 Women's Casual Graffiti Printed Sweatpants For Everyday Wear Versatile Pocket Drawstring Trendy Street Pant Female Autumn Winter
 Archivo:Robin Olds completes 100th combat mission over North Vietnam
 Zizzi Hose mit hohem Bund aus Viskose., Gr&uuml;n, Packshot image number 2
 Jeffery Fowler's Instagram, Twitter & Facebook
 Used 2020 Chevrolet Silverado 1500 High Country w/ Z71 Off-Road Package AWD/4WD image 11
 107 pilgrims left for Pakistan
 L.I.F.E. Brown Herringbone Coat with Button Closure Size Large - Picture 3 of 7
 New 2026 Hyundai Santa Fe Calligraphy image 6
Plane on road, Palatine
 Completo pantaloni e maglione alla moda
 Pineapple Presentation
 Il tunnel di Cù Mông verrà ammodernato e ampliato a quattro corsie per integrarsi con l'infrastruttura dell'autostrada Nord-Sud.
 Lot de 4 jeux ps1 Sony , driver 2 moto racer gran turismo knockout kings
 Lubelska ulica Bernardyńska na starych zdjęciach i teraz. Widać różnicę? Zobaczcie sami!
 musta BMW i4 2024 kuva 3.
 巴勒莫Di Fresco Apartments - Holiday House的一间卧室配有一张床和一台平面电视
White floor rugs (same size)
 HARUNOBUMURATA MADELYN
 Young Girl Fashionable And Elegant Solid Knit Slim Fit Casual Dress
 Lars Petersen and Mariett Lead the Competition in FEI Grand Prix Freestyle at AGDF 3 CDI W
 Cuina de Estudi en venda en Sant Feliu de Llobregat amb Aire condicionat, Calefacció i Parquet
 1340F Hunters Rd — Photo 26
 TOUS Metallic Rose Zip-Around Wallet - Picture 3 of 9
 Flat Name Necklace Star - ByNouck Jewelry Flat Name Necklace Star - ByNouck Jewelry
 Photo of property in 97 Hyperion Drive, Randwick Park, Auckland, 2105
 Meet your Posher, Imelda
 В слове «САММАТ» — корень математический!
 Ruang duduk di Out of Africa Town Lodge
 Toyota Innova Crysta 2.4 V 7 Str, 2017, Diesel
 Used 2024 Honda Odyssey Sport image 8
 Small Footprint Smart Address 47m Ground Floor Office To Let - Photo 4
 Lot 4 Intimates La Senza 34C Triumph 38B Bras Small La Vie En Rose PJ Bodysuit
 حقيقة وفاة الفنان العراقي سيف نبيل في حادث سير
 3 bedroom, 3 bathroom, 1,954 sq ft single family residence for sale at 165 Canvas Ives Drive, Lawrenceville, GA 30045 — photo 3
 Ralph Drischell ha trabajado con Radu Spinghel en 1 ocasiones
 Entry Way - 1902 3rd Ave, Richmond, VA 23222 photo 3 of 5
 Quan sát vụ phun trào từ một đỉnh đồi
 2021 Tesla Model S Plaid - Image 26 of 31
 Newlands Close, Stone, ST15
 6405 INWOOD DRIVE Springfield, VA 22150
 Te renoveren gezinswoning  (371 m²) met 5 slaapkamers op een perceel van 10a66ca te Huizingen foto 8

# # # #

→ What you are asked to do
Among the entries above, find the line with "Lubelska ulica Bernardyńska" and the line with "Photo of property"; give again exactly these two lines and all lines between them.

→ Answer box
 Lubelska ulica Bernardyńska na starych zdjęciach i teraz. Widać różnicę? Zobaczcie sami!
 musta BMW i4 2024 kuva 3.
 巴勒莫Di Fresco Apartments - Holiday House的一间卧室配有一张床和一台平面电视
White floor rugs (same size)
 HARUNOBUMURATA MADELYN
 Young Girl Fashionable And Elegant Solid Knit Slim Fit Casual Dress
 Lars Petersen and Mariett Lead the Competition in FEI Grand Prix Freestyle at AGDF 3 CDI W
 Cuina de Estudi en venda en Sant Feliu de Llobregat amb Aire condicionat, Calefacció i Parquet
 1340F Hunters Rd — Photo 26
 TOUS Metallic Rose Zip-Around Wallet - Picture 3 of 9
 Flat Name Necklace Star - ByNouck Jewelry Flat Name Necklace Star - ByNouck Jewelry
 Photo of property in 97 Hyperion Drive, Randwick Park, Auckland, 2105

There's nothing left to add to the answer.